Ugly numbers are positive numbers whose prime factors only include 2, 3, 5.

Example 1:

Input: n = 10  
Output: 12  
Explanation: 1, 2, 3, 4, 5, 6, 8, 9, 10, 12 is the sequence of the first 10 ugly numbers.

Note :

  1. 1 is typically treated as an ugly number.
  2. n does not exceed 1690.

Hint :

  1. The naive approach is to call isUgly for every number until you reach the nth one. Most numbers are not ugly. Try to focus your effort on generating only the ugly ones.
  2. An ugly number must be multiplied by either 2, 3, or 5 from a smaller ugly number.
  3. The key is how to maintain the order of the ugly numbers. Try a similar approach of merging from three sorted lists: L1, L2, and L3.
  4. Assume you have Uk, the kth ugly number.

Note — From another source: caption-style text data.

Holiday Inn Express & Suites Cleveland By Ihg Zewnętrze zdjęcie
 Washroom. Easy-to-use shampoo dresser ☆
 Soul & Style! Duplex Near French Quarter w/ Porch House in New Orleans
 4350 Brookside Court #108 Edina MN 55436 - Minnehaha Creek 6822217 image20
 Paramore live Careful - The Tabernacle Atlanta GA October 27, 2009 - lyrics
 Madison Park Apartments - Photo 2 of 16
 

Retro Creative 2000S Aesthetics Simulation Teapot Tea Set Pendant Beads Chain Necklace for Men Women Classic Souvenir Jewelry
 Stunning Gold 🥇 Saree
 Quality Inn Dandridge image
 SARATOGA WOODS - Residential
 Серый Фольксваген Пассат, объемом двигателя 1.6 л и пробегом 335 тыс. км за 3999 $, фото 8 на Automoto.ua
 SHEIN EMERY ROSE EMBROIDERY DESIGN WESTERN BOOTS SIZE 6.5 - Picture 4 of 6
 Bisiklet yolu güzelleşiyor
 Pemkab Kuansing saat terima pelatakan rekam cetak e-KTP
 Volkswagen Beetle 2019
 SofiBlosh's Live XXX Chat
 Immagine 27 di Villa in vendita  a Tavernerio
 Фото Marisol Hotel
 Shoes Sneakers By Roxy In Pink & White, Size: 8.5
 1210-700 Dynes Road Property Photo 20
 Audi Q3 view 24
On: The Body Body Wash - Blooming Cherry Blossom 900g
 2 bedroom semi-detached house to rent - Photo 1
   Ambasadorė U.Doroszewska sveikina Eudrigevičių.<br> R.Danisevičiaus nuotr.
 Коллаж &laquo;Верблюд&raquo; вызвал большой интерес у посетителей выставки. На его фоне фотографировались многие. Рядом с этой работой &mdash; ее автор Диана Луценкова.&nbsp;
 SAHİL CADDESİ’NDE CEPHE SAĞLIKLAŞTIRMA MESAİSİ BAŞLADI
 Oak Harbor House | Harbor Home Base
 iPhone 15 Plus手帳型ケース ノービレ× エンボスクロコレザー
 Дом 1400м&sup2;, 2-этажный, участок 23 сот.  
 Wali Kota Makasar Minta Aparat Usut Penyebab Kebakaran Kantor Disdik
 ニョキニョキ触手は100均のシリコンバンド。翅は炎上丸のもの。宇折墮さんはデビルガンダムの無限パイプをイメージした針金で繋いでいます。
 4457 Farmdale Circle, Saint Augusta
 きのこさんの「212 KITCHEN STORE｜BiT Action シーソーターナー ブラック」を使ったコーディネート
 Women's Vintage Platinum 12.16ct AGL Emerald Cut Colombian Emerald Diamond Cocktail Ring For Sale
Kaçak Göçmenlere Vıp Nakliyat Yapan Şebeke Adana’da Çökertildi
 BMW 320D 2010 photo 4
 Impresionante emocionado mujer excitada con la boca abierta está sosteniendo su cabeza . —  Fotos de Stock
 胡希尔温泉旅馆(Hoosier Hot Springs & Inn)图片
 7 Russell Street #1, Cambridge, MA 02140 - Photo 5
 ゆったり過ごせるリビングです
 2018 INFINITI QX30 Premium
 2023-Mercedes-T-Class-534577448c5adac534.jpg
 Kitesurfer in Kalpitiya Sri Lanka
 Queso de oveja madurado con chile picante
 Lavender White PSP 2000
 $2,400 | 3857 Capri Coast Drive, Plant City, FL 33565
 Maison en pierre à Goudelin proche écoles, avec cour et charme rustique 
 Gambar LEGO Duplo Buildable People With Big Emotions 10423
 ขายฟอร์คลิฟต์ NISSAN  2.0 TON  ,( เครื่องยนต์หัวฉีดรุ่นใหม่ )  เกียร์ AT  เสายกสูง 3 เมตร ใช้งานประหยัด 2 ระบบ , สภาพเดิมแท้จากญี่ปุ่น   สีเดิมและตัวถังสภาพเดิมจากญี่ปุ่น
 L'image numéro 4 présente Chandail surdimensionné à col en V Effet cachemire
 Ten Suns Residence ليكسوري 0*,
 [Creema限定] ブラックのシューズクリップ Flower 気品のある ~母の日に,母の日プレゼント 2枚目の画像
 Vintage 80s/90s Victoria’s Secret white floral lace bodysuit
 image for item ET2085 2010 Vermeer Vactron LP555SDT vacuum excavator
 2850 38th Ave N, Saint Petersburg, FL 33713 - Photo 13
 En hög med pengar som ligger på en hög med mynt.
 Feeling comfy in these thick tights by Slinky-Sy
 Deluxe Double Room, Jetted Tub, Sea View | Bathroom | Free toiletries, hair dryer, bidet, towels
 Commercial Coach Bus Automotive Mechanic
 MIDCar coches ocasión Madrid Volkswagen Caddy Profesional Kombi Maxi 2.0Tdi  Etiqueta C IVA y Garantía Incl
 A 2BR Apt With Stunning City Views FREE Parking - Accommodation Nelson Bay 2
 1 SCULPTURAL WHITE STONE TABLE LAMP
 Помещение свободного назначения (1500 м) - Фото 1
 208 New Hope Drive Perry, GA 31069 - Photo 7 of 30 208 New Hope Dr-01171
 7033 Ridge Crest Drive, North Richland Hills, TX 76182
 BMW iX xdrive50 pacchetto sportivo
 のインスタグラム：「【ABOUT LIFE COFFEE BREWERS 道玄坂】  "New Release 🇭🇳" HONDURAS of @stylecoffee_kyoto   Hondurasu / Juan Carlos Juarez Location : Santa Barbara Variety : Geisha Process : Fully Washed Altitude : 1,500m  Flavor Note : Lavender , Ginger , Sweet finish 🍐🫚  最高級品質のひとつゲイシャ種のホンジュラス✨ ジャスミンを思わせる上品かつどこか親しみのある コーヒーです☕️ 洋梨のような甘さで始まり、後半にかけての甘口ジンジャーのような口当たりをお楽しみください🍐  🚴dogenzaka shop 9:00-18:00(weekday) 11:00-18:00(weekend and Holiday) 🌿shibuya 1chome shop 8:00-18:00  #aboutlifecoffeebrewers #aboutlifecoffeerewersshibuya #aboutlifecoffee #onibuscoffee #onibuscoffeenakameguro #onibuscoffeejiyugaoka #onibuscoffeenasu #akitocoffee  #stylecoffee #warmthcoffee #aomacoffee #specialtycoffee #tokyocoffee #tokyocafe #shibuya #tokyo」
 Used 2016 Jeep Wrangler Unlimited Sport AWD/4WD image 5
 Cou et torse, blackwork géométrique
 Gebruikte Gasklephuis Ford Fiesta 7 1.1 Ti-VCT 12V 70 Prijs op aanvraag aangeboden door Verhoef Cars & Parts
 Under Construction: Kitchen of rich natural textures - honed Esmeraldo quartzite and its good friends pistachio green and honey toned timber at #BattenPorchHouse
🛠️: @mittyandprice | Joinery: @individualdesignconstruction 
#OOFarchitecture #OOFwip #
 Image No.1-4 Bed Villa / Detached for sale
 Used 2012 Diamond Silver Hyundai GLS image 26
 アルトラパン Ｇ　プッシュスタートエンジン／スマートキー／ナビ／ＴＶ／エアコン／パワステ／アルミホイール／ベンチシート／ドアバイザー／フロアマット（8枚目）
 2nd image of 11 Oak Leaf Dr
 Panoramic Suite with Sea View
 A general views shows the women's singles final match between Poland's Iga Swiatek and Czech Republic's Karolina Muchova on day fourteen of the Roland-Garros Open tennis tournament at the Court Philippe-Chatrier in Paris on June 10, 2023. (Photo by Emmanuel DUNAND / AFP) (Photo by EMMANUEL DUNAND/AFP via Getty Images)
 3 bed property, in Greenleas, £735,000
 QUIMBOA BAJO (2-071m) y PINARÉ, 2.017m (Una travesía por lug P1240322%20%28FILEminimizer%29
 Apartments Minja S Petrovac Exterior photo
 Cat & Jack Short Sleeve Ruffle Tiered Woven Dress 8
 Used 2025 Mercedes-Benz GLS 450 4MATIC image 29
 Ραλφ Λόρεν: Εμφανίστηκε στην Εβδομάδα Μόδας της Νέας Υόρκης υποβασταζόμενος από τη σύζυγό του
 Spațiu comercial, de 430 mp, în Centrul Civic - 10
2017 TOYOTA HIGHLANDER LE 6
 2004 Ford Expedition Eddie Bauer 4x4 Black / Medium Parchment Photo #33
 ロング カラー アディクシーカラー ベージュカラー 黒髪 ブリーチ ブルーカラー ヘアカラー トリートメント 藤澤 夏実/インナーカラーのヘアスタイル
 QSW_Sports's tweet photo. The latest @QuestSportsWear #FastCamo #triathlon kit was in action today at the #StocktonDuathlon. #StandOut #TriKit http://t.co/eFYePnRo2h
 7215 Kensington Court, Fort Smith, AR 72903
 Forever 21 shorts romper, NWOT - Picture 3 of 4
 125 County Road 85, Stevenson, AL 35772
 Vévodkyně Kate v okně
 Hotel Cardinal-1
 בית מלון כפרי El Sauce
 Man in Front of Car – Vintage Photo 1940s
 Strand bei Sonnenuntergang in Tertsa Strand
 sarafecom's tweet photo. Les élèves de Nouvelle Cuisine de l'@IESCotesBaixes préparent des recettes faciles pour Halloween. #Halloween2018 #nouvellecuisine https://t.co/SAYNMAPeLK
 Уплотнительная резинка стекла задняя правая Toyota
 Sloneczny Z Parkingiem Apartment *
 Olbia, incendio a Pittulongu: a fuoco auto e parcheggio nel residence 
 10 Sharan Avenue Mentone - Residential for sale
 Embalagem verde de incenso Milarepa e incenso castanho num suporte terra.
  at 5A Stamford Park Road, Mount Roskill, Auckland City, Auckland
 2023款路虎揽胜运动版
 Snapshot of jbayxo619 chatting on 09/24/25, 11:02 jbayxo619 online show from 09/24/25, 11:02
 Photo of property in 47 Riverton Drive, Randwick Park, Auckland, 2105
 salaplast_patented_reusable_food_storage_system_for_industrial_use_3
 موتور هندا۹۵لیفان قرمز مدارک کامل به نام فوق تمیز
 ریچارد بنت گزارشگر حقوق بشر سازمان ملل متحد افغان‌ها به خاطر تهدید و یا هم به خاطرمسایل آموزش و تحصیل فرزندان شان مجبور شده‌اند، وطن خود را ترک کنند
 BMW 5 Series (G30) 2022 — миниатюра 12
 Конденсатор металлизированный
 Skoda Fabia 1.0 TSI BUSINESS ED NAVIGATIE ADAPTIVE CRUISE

Then Uk+1 must be Min(L1 * 2, L2 * 3, L3 * 5).

solution

time complexity : O(n)
space complexity : O(n)

class Solution {
public:
    int nthUglyNumber(int n) {
        vector<int> uglyNums = {1};
        int idx2 = 0;
        int idx3 = 0;
        int idx5 = 0;
        while (uglyNums.size() < n) {
            int next2 = uglyNums[idx2] * 2;
            int next3 = uglyNums[idx3] * 3;
            int next5 = uglyNums[idx5] * 5;
            int next = min(next2, min(next3, next5));
            if (next == next2) ++idx2;
            if (next == next3) ++idx3;
            if (next == next5) ++idx5;
            uglyNums.push_back(next);
        }
        return uglyNums[n-1];
    }  
};

初始:uglyNums第一個為1。
直到uglyNums算到第n個前,從2、3、5的倍數相對應的記錄點中乘上相對應的值,找到最小的那個,其為下一個ugly num。(因ugly num的因數只有2、3、5,因此乘上2 or 3 or 5,還是ugly num)而被選為ugly num的記錄點+1。
最後回傳uglyNums最後一個元素,即為結果。